By Paolo von Schirach

February 8, 2012

WASHINGTON – If you think that Asia is only about China and India, watch out for Indonesia. Indonesia is the quiet success story of South East Asia. Without fanfare, the country managed to grow more than 5% in seven out the past eight years. For 2011 the growth rate was actually 6.5%. Especially if compared with weaker performances in Thailand at 3.5%  and the Philippines at 2.7%, while Singapore actually experienced a contraction at the end of 2011, Indonesia looks quite remarkable. The Wall Street Journal reports that in 2011 the country registered $ 20 billion in new foreign investments, a record.

Steady growth

While the country is still quite poor, analysts are bullish, citing good fundamentals. Despite lack of good infrastructure and somewhat inadequate investor protection, there is confidence in the reformist government headed by President Susilo Bambang Yudhoyono, (SBY). Besides, Indonesia’s growth is largely driven by domestic consumption, as opposed to exports led growth that can experience high volatility. A large country of 240 million is  a big market and so investors like auto manufacturer Suzuki are eager to expand capacity.

Easier to acquire land

And a  new law that will make it easier to acquire land necessary for infrastructure development is a good signal for foreign investors. According to analysts, this will boost additional construction activity by up to 30%.

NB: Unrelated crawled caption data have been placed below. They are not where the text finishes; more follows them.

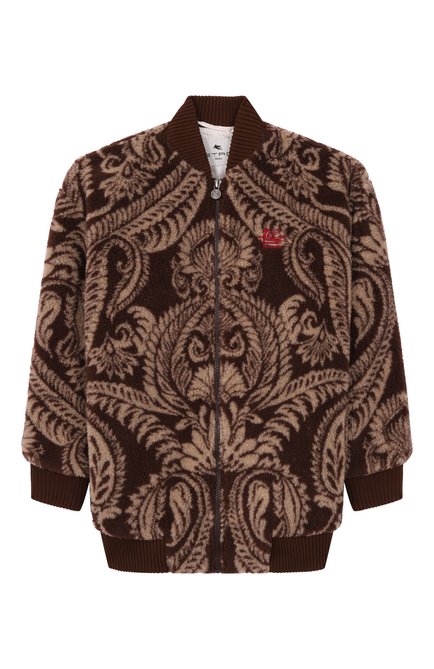 Мужская бомбер из экомеха ETRO, арт. GX2P57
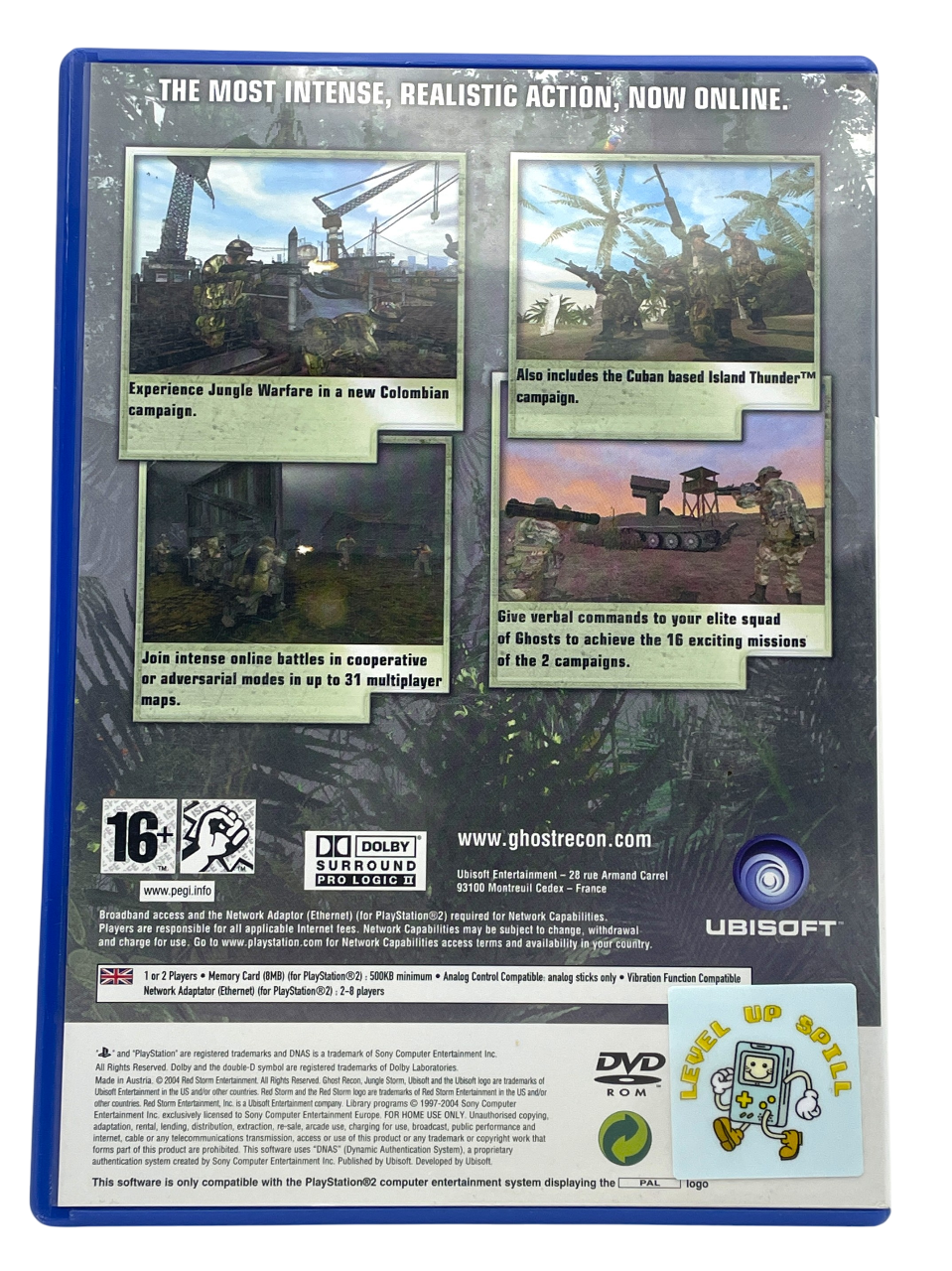 Tom Clancy's Ghost Recon: Jungle Storm - Playstation 2 spill (PS2)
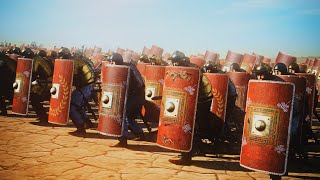 Roman Empire Vs Sassanid Empire Battle of Edessa 260 AD  Cinematic [upl. by Heyes]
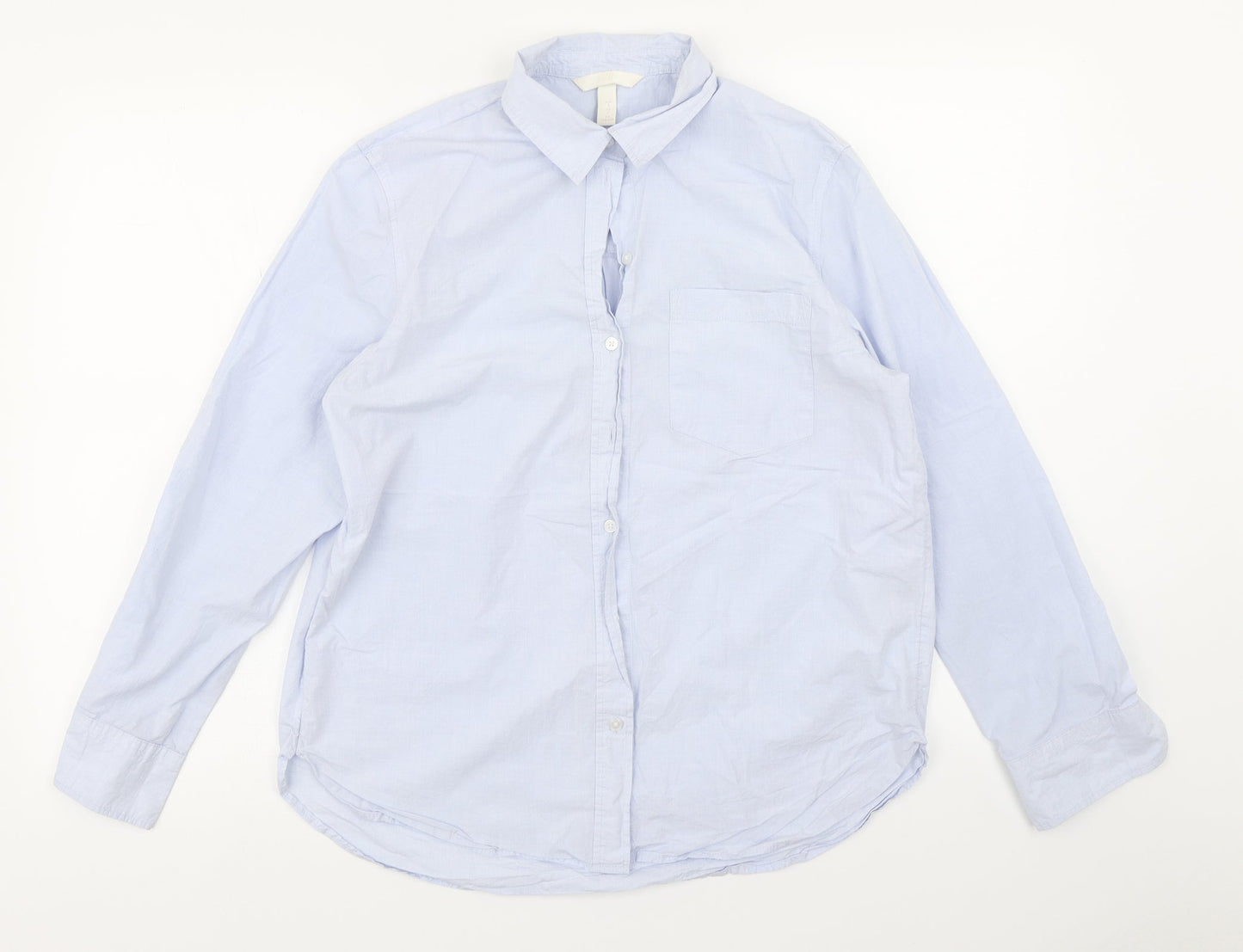 H&M Mens Blue    Button-Up Size S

In all this, it looks as if the Government has a steady hand. It improved macro-economic management, while reducing overall debt.  So much so that the Fitch credit rating agency lifted Indonesia debt to investment grade.

Why not faster growth?

Of course critics argue that Indonesia could grow at a much faster pace, if only the government would push harder. But it will not, because trying to race towards stronger growth would undermine democratic participation. According to President SBY it is much better to have slower growth but grounded on political consensus that it takes a while to build. The recently passed law allowing expedited land purchases that in turn will trigger more construction spending is an example of this slow consensus building.

Follow the China model?

Or would we rather have the Chinese model in which authorities can generally direct resource allocations to accomplish preset growth targets? In China authorities simply take over the land they need with token compensation. Sure enough, building infrastructure is not a problem in China, as there are no political impediments to take control of whatever may be needed –at least until yesterday, that is. Now we know of thousands of protests in China, often triggered by arbitrary land grabs. The Wukan village rebellion that became world famous for a while started because of a land issue.

If we take it all this in, which one would you choose: Indonesia with “only” a  6% GDP growth and democracy, or China with 10%, but without participation?